DATA SEGMENT:
┌────────
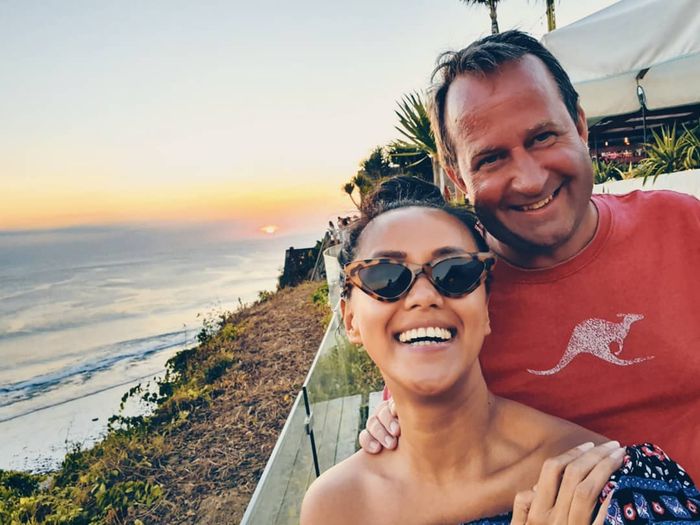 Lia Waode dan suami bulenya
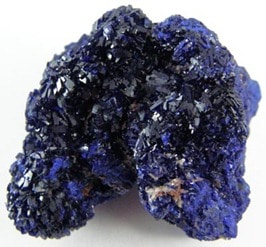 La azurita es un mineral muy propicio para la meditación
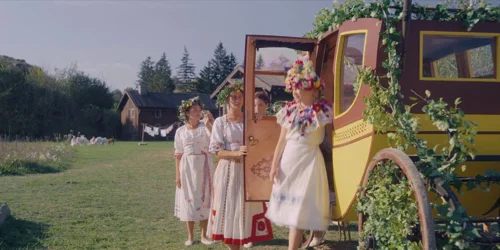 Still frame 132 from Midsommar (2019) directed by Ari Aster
└────────
Transcribe the listing exactly; omit all images.

 Lia Waode dan suami bulenya
 La azurita es un mineral muy propicio para la meditación
 Still frame 132 from Midsommar (2019) directed by Ari Aster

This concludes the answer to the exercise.